These are widely used and serve as the foundation for other tests.
In the following sections, we will take a closer look at these three tests in order.

● t-test

The t-test is a method for testing whether there is a statistical difference between the means of two groups.
It is commonly used in software engineering for A/B testing, performance comparisons between new and old tools, and so on.

Main Types of t-tests

1. One-sample t-test

Tests whether the mean of a single group differs from a specific known value (target value, historical benchmark, etc.).
Example: 'Is the average build time of the new build system statistically different from the target of 10 minutes?'

2. Independent 2-sample t-test

Tests whether the means of two independent groups differ.
Example: 'Is there a difference in the number of detected bugs per module between the team using static analysis tool A and the team using tool B?'
(For instructions on how to perform this test using a tool, see this article: here.)

3. Paired 2-sample t-test

Tests whether there is a difference between two means measured under different conditions (e.g., before and after) on the same subjects.
Example: 'Did the average cyclomatic complexity of the same modules change before and after refactoring?'
(For instructions on how to perform this test using a tool, see this article: here.)

Notes

It is the most widely used test when you want to deal with differences in means.
The test statistic used is the t-value (t statistic), and the p-value is calculated based on the t distribution.

Information

What is degrees of freedom?
We touched on this briefly in Part 4, but the term degrees of freedom appeared in the graph above.
Degrees of freedom is the number of values that are free to vary when calculating a statistic.

For example, when the mean of three data points is fixed, if you choose any two values freely, the third value is automatically determined.
In this way, constraints (such as a fixed mean or sum) reduce the number of values that can vary freely.

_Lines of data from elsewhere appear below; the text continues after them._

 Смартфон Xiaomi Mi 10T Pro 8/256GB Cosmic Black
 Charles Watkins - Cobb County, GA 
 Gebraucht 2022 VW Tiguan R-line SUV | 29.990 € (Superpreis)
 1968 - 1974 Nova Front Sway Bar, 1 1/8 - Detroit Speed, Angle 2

Using the mean of $n$ data points → degrees of freedom = $n - 1$
In a t-test (comparison of two means), degrees of freedom are calculated based on the sample sizes, and the p-value is obtained by comparing to the t distribution.
Analysis of variance (ANOVA) and chi-square tests also have their own corresponding degrees of freedom.

Degrees of freedom are a crucial parameter that determine which distribution to use for the test.
They directly affect the reliability of the test, so it is important to understand the concept of degrees of freedom.
If you are interested, there is more explanation here: Degrees of Freedom.

Caveats

There are the following assumptions:

The population variance is unknown (this applies to most practical situations)
The sample is randomly drawn
The data distribution is approximately normal (especially for small samples)
The variances of the two groups are equal (relaxed in Welch's t-test)

If these assumptions are not met, consider alternative methods such as non-parametric tests.
(We will discuss non-parametric tests later.)

● Analysis of Variance (ANOVA)

The Analysis of Variance (ANOVA) is a representative test method for examining whether there is a statistical difference among the means of three or more groups.
Examples:

Is there a difference in the average defect density among software developed using development methods A, B, and C?
Is there a difference in the average test case completion time among multiple test teams?
(For instructions on how to perform the test using a tool, see these articles: here and here.)

Basic Concept

Decompose the total variance of the data into 'between-group variance' and 'within-group variance.'
If the 'between-group variance' is sufficiently larger than the 'within-group variance,' judge that 'at least one group's mean differs significantly.'
The ratio of these variances is represented by the F statistic (F-value) (between-group variance ÷ within-group variance), and the p-value is calculated using the F distribution.

Caveats

Even if ANOVA reveals that there is an overall difference, it does not tell you which specific groups differ.
Detailed comparisons require additional analyses called multiple comparisons (post-hoc).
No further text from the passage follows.